Long-Running Jobs on the Barstool Queue Engine

Here at Barstool we love the Serverless framework, which has enabled us to build high-concurrency low-cost services.  Our infrastructure relies heavily on Lambda, API Gateway, SQS & SNS all of which are easily created and managed in our serverless.yml files.  On top of a low DevOps overhead, Serverless has a mature developer toolset has been critical to rapidly releasing major features at the fast pace of Barstool.

Since Barstool creates tons of video & audio content on a daily bases that we distribute across many different platforms, the engineering team has to manage workloads that require minutes or hours of compute time to complete. Because of lambda's execution runtime limits, we needed a way to process those long living jobs that lambda wasn't well suited for.  Our solution would have to run in a container for portability, and supported a range of different static binaries & node packages. Most importantly, tasks should have no upper limit for total runtime.  We also wanted our deployments to be stateless and to easily slot into our existing Serverless infrastructure. It also had to have low developer overhead for local development and be easy to manage from a DevOps point of view.

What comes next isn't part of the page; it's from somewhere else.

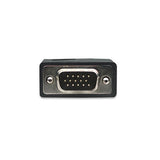 Manhattan SVGA Monitor HD15 Male Cable 317757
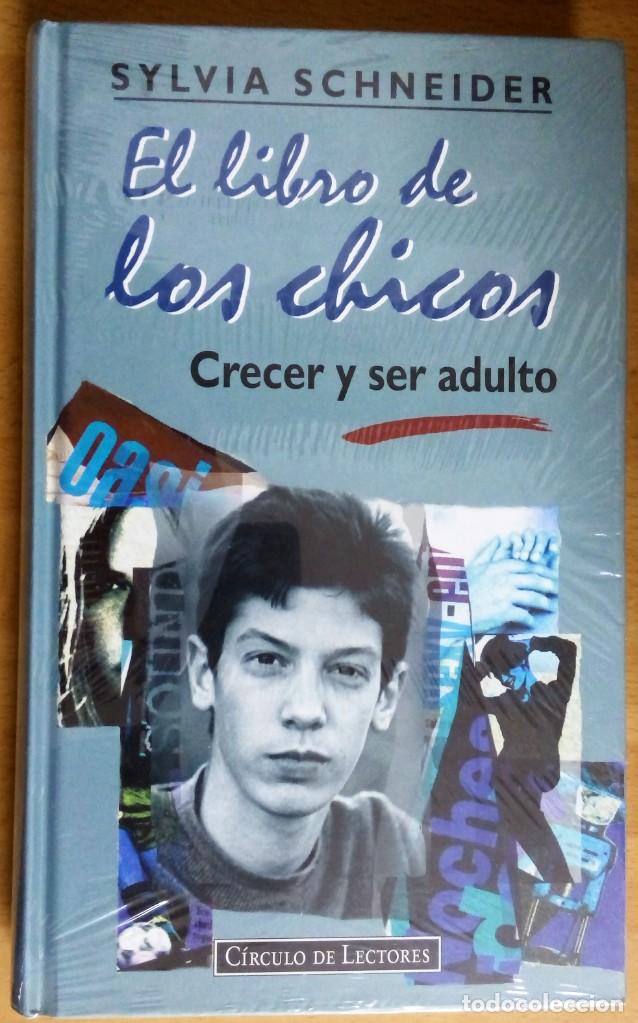 Libros de segunda mano: EL LIBRO DE LOS CHICOS - SYLVIA SCHNEIDER - Foto 1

Our solution, the Barstool Queue Engine, was purpose-built with these requirements in mind. We use the sqs-consumer, one of the many great open-source packages by the BBC, to receive messages sent by our other services.  Each BQE service runs a single node.js codebase packaged into a single container with a dedicated SQS queue, ECS Service, and task definition.  This allows us to control the specific resources designated for each task; messages in the video processing queue run against video tasks that have more RAM than dedicated audio tasks, while multi-threaded tasks can have multiple CPU cores available per container.

To accomplish this, container images are built once by GitHub actions, and tasks definitions & services are created and deployed using a matrix strategy.  Each service has a Cloudwatch alarm triggered based on how many unread messages are in the queue that manages scaling the individual services.  A private SDK for sending SQS messages and replying via SNS enforces standardized communications between our various services and BQE.  Below is a simplified diagram of the message flow.

This pattern allows us to keep BQE dumb- it only knows the information necessary to complete the task and how to notify the proper SNS topic when the task is complete.  We are able to support developer-friendly features such as branch deploys with minimal effort.

Finally, with some light code changes, it would also allows us to replace the ECS cluster with SQS backed lambda if AWS ever increases the execution time.